Saturday, 18 February 2023

What is K-fold Cross Validation? Working of Cross validation on K-fold data.

In this tutorial, we will be covering the cross-validation concept, its usage in machine learning methods, and the working of k-fold cross-validation.

Cross-validation:

A resampling technique called cross-validation uses several data subsets to evaluate and train a model across a number of iterations. It is typically used in scenarios where the objective is prediction and one aims to evaluate how well a predictive model will perform in real-world situations.

In machine learning, cross-validation is used to compare various models and their parameters such as Support Vector Machine, and Random Forest. Cross-validation can be a good approach in the case of tuning the hyper-parameters of models to identify the best settings and the best model for a given type of problem. K-fold is a specific way of sampling the data for training the model. In k-fold, k refers to the number of groups that the data gets split into. For example, if you have k equal to 10, then the entire data gets split into 10 groups. Further, let's have 1000 data points and have 10 groups then we have hundred (100) data points for each group. One thing is that data scaling and normalization need to be done after the split into training and testing, otherwise you may run into data leakage issues.

You can see the k-fold process on the whole dataset. This figure shows how the training and testing data portion is selected for k-fold cross-validation. Here consider k is 5 and the entire data is split into 5 groups. This visualization shows that the first group of data was selected for testing data and the remaining 4 subgroups of data were selected for training in the 1st iteration. Similarly, 2nd group (fold) of data was selected for testing and the other remaining 4 subgroups were selected for training in the 2nd iteration. If we put attention here then we can observe that subgroup selected for testing is relating to the iteration number like in 1st iteration, the first group was selected for testing data, the second group was selected in the 2nd iteration, and so on. This represents the working of k-fold cross-validation.

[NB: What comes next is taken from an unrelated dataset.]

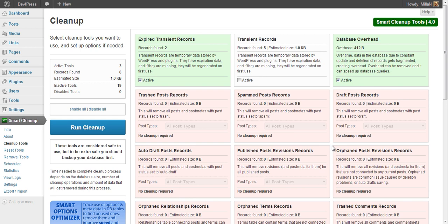In any case, with all these tools be extra careful and make sure you create backups, as you are using this plugin on your own responsibility. Make sure your data is safe and you don't lose any important work.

Splitting of Data via K-fold

What is a good K value?

There is no straight rule to choose the k value in the k-fold but most of the time, 10 is used for the k value in published papers or any other code. Here you have to remember and ensure one thing the k value results in a representative large enough train and test data.

Another alternative way to find out the K value can be sensitivity analysis:

Sensitivity analysis can be performed to identify the ideal K value

By evaluating the performance of a given model for different k values.
For example, Compare the accuracy from different k values against the accuracy of a model trained on almost all the data (k=N). Accuracy may be low for lower k-values and saturate at some specific k-value.

Let's summarize the K-fold split:

If the dataset size is 500 data points and k=10

Data gets split into 10 folds, and each fold has (500/10 = 50) data points
One fold gets used for test/validation and the remaining 9 (k-1) folds are used for training

How to use K-folds for Cross-Validation?

Scikit-learn provides an easy way to perform K-folds splits in python:

from sklearn.model_selection import KFold
cv = KFold(n_splits=10, random_state=42, shuffle=True)

Cross-validation can be performed either by

Iterating over the training and testing splits by deliberately coding using a for loop

for train, test in cv.split(all_data):

train the model on each fold

evaluate on the test fold

Or using the sklearn.cross_val_score that computes the cross-validation score

scores = cross_val_score(model, X, Y, cv=10, scoring='accuracy', n_jobs=-1)

Cross-Validation on K-folds

So repeat the above training and evaluation process for all models and corresponding hyperparameters to find the best one.

Summary:

The purpose of K-fold cross-validation is:

To check the model performance
Not to develop/train a final model

Use k=10 (or even) for small data sets and k=5 (or 3) for large data sets
Example: You want to pick the best model among SVM, RF, DT, and Neural Network

Perform k-fold cross-validation and identify the one that performs the best
Train that specific model with the corresponding best-performing hyperparameters on all data for future use.

Wednesday, 25 March 2020

What is Machine Learning? Types of Machine Learning

What is Machine Learning?

Machine Learning is a branch of Artificial Intelligence (AI) that provides systems the ability to learn and improve from the past experience without being explicitly programmed. It is based on the idea that systems can learn from data, identify patterns( using statistical models) and make predictions (decisions) without human intervention.

These systems use algorithms and statistical models to perform specific tasks on input data without using explicit instructions.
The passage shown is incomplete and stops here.